**GOAL OF THE EXERCISE**
Transcribe, starting at the line with "Tabi Mary Jane" and ending at the line with "Live Edge Engraved", every line of the material below exactly, but leave out the pictures and anything outside that span.

DATA PROVIDED Block Start

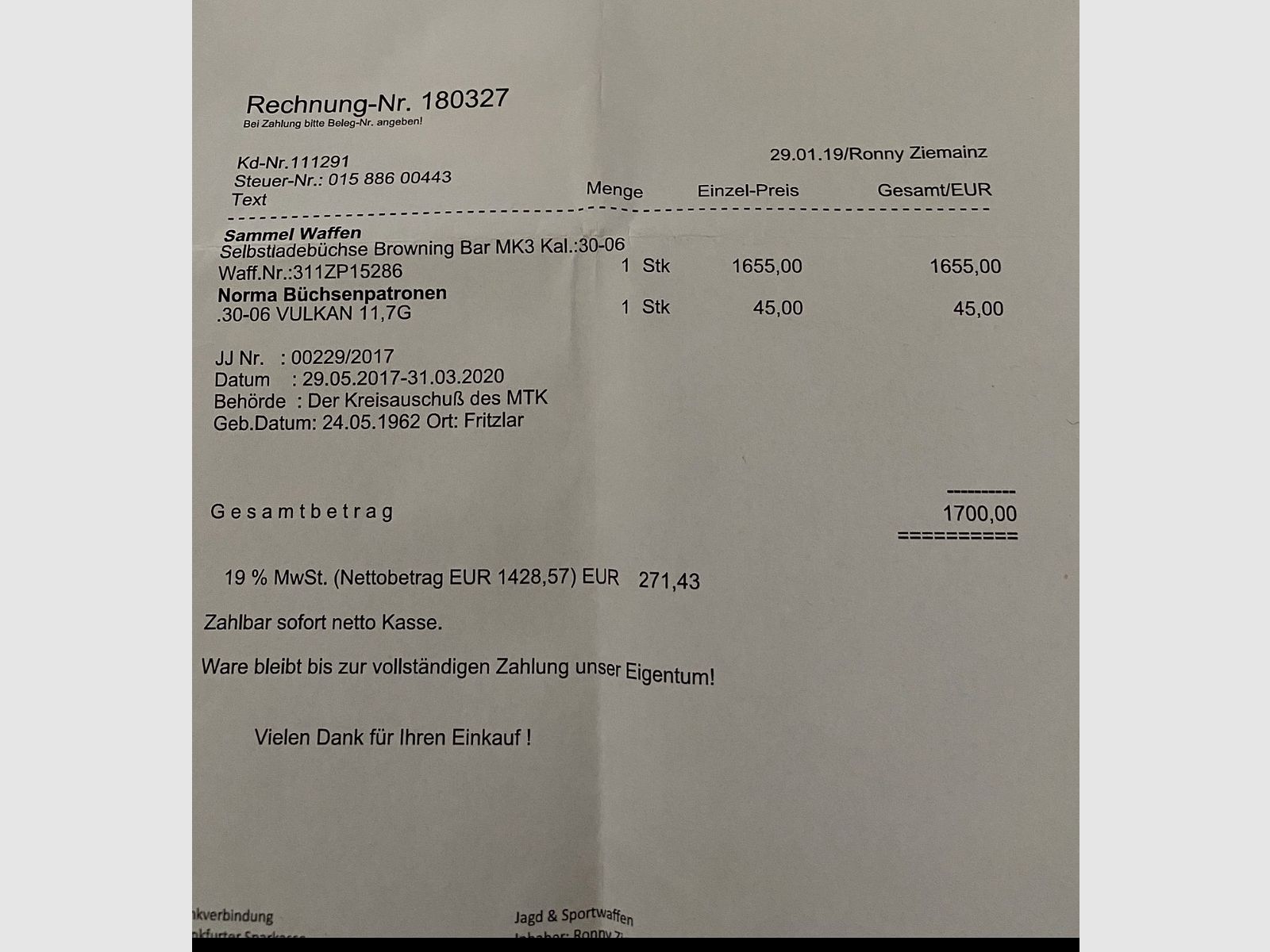 Browning Bar Mk 3 Kal. 30-06 Linksausführung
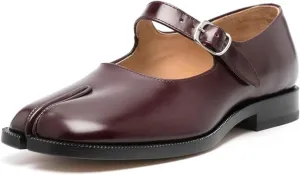Tabi Mary Jane Shoes Women Split Toe Low Heel with Ankle Buckle Strap Flats Shoes for Women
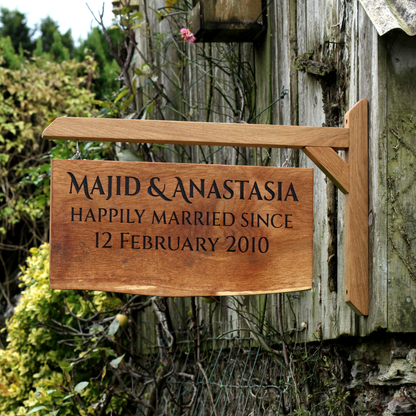 Live Edge Engraved Double Sided Swinging Sign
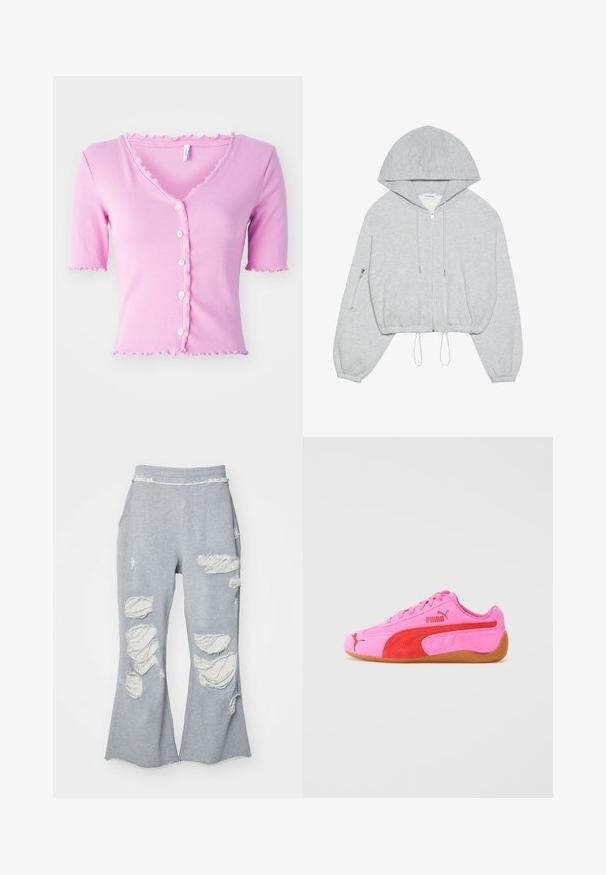 Grå cropped hettegenser med frontglidelås, snor i kanten, stor hette og glidelompe på venstre erme. Myk tekstur.; Rosa ribbet kortermet cardigan med V-hals, prydet med fem hvite knapper og en bølgete kant langs halslinning og ermer.; Grå joggebukser med en utsvingt ben-design, og flere slitte lapper som viser lysere stoff. Elastisk liv for komfort.; Rosa semsketid idrettssko med røde detaljer, gummisåle og signaturlogo. Har en rund tå og snøring.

DATA PROVIDED Block End

**SOLUTION TO THIS TASK**
Tabi Mary Jane Shoes Women Split Toe Low Heel with Ankle Buckle Strap Flats Shoes for Women
 Live Edge Engraved Double Sided Swinging Sign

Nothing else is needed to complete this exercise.